Antes de viajar, mi esposo y yo vamos al banco y cambiamos nuestros dólares norteamericanos por la moneda del país que vamos a visitar. Lo hacemos para poder cubrir los gastos mientras estamos fuera de casa.
Cuando aceptamos a Cristo, se produce otra clase de cambio. Nuestra vida es como una moneda que convertimos de un tipo a otro. Cambiamos nuestra vieja vida por una nueva, para poder empezar a «gastar» en un reino diferente. En vez de «consumir» nuestro ser en causas terrenales, podemos empezar a invertir en la causa de Cristo.
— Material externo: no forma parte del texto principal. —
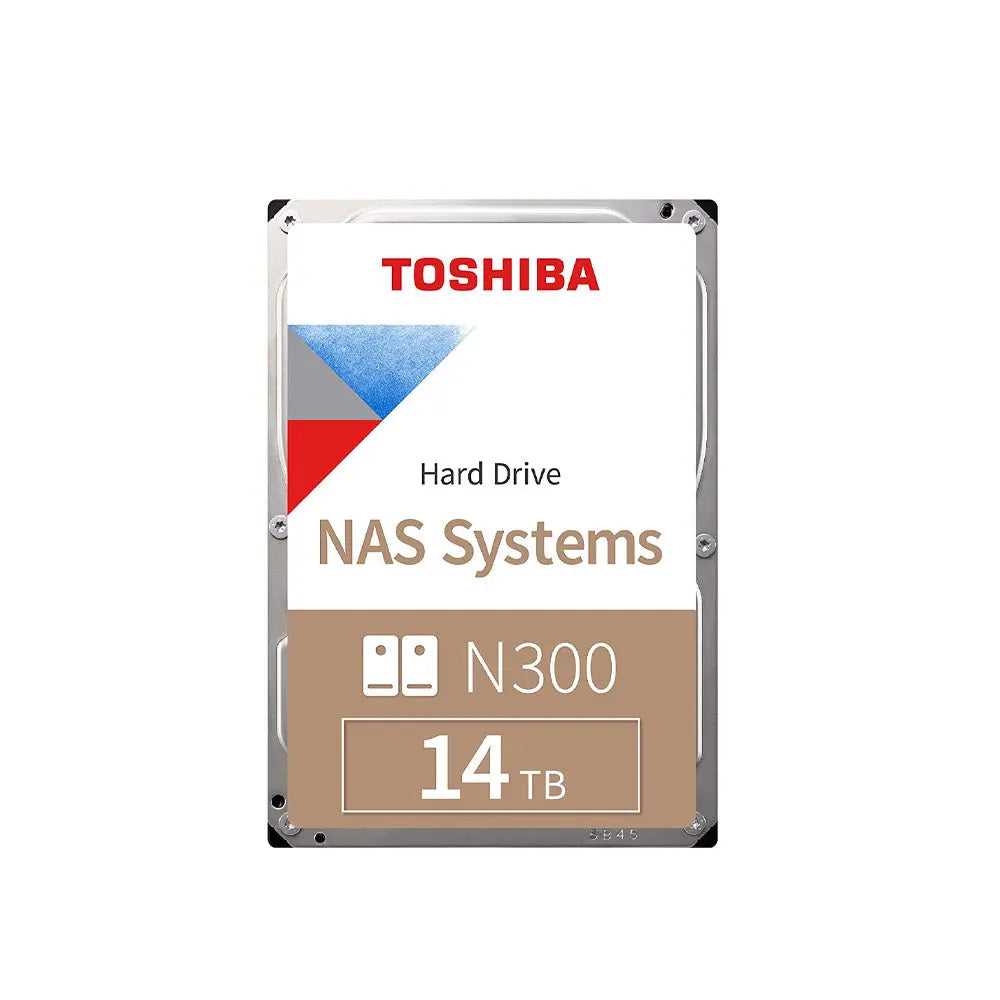 Toshiba N300 14TB 3.5-inch SATA 7200RPM NAS Internal Hard Disk My Store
El apóstol Pablo es un buen ejemplo de esta diferencia. Después de su dramática conversión en el camino a Damasco (Hechos 9), empezó a gastar su vida de una manera completamente distinta. En lugar de perseguir a los creyentes para apresarlos y matarlos, comenzó a seguir a los incrédulos para que se convirtieran. Después, pasó el resto de su vida dedicado al bienestar de ellos. Le escribió a la iglesia de Corinto: «Y yo con el mayor placer gastaré lo mío, y aun yo mismo me gastaré del todo por amor de vuestras almas…» (2 Corintios 12:15). Todo lo que hacía era para la edificación de sus hijos espirituales (vv. 14, 19).
Convertirse es mucho más que alterar nuestro destino final; es cambiar la forma de invertir cada día de nuestra vida.